George Inness distinguished himself among the Hudson River School painters by pursuing a more modern aesthetic of landscape painting. Unlike his contemporaries, who believed in creating realistic canvases of nature's vastness, Inness felt that "paintings were not necessarily pictures, and it was the artist's function, even his obligation, by an aesthetic and expressive reorganization, to interpret nature and not merely depict it." (as quoted in N. Cikovsky, Jr. and M. Quick, George Inness, Los Angeles, California, 1985, p. 19) Inness' New York based works from the 1860s are widely admired today because they are closest to the familiar manner of Hudson River School painting in those years. Yet these works also begin to show the artist's painting philosophy of incorporating atmospheric climate and expression which brings deeper spiritual meaning into his compositions. Inness went on to produce a body of work marked by a more subjective and ultimately more modern aesthetic than that of his contemporaries. With its dramatic composition and high degree of finish, Sunset on the River is an extraordinary masterwork from this important transitional phase in the artist's career.

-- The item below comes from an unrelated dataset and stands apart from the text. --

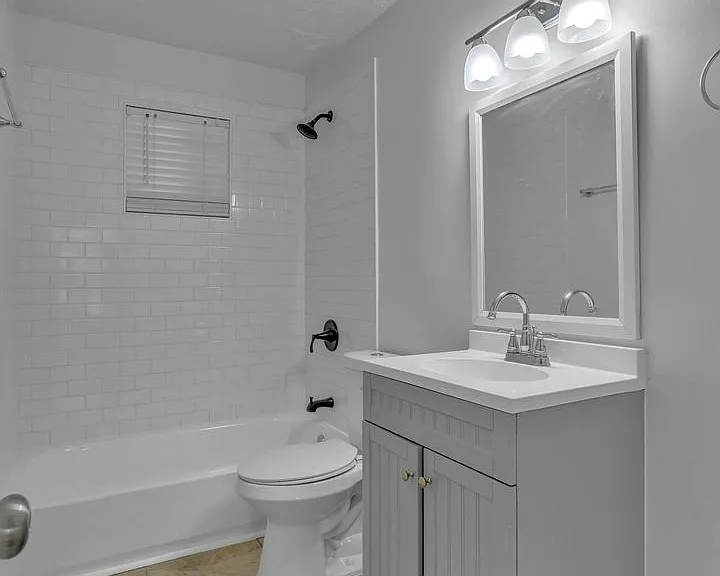 2714 Jefferson St — Photo 20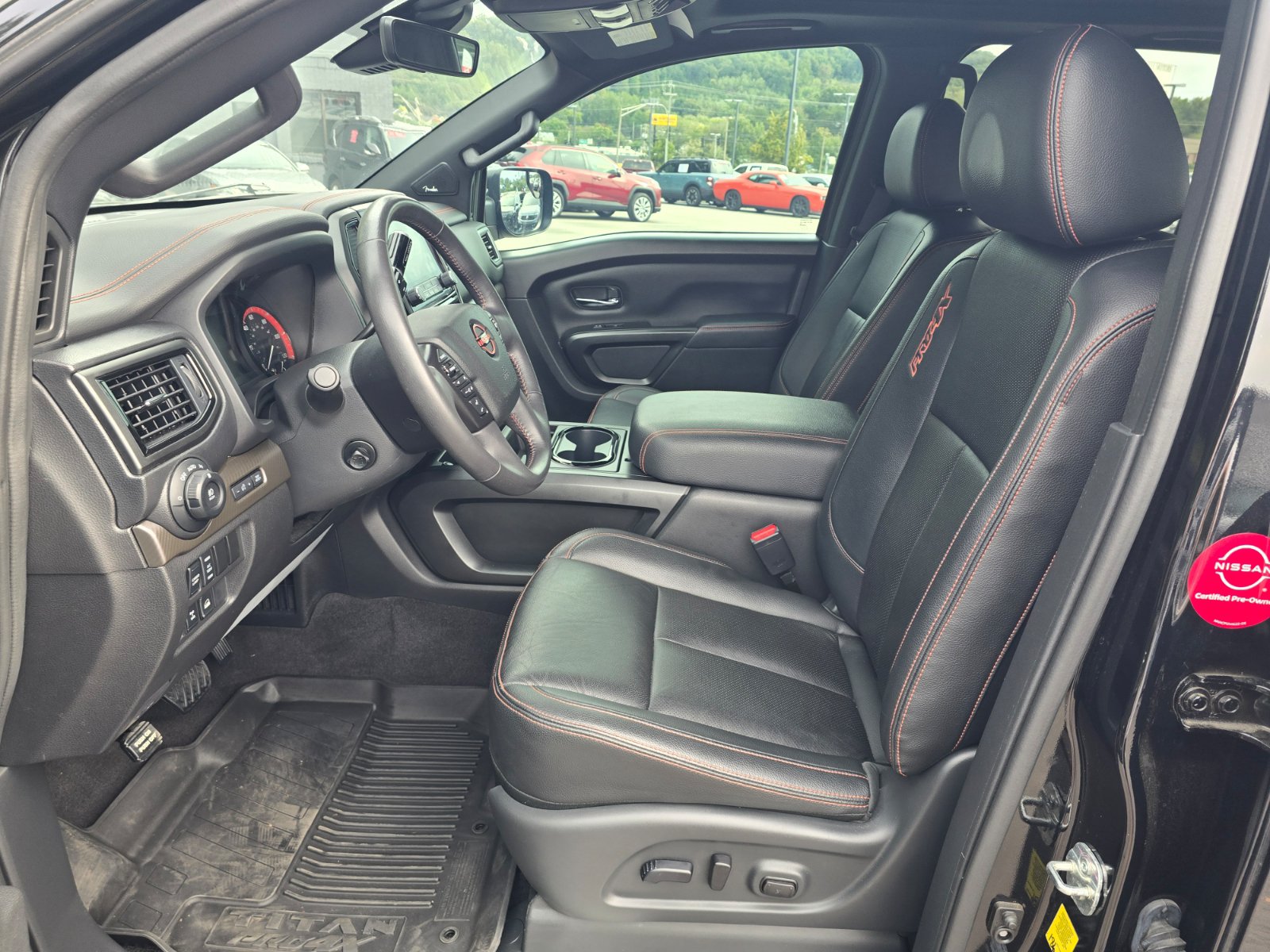 Used 2024 Nissan Titan PRO-4X w/ Pro-4x Convenience Package AWD/4WD image 14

Painted in 1867 near the town of Leeds, New York, Sunset on the River presents an expansive view of cattle grazing in a broad pasture which slopes toward a river, partially visible on the left. On the right a stone wall borders a road, along which a covered wagon moves toward a mill with a smoking chimney near the water. From a slightly elevated vantage point, the viewer looks across the expanse to another light-struck pasture in the middle ground extending to wooded foothills, which give rise to a large mountain in the distance. Storm clouds fill the sky, dappling the land with dark streaks intermingled with bursts of light which pierce the foliage and rake across the landscape.
Inness' use of light and atmosphere in Sunset on the River evokes mood and meaning. Nicolai Cikovsky, Jr., writes: "In all of the paintings of the 1860's, nature is not merely depicted straightforwardly, but is made articulate: moods of calm are emphatically peaceful, rainbows are clearly portentous, storms are dramatic and threatening, sunsets are gloriously radiant, and bleakness is unmistakably harsh and cold. In 1865, a writer remarked that Inness 'signally [possessed the power of] seizing upon the critical moment in some marked phase of nature.' The result is that one is made aware of the spiritual significance of nature through the way in which its visible forms and effects reflect some higher power." (George Inness, London, 1971, p. 38) The painting's dramatically changing sky, along with the tranquil setting of workers setting off to the mill, seems to express a sense of hope and prosperity in the wake of the Civil War. Very likely, Inness' contemporaries saw in this painting a theme that would pervade American art after the war--the return to peace, industry, and prosperity. The movement and energy of the present work's lush brushwork, paint texture and strong color choices underscore the emotional sense of calm after a storm.
Michael Quick considers Sunset on the River a stunning success of Inness' style of the 1860s. He writes: "This handsome, fully developed painting, with its dramatic lighting and clouds, is one of the most impressive of 1867, looking ahead to the more emotional interpretation of nature seen in Inness's work at the end of the decade. The view is based upon a sketch he used again in Approaching Storm, 1869. In this case, both the foreground and the distance are deeper, and the season is full summer, rather than fall. An unusual element is the mill with its smoking chimney, near what appears to be a building in ruins. Inness drew attention to the mill by both silhouetting it against the lighted field beyond and by making it the object of the road's long diagonal. Brick textile mills were numerous in the Leeds area, but this factory seems out of place in the otherwise entirely pastoral landscape. The textured foreground and the blacklighting of the trees are also unusual for works of 1867, no doubt reflecting the extra effort to add interest to this painting." (George Inness: A Catalogue Raisonné, vol. one, New Brunswick, New Jersey, 2007, p. 278) His inclusion of the factory and its workers appears here to add an element of the contemporary to his idealized landscape. Where other artists of the 1850s and 1860s might choose to render more purely pastoral views, Inness embraced the new.
All of the artistic devices evident in Sunset on the River convey emotional power. The painting's dramatic recession, extreme contrasts and strong color scheme induce the spiritual response that Inness began to suggest in the 1860s, and continued to evoke in his paintings throughout his career.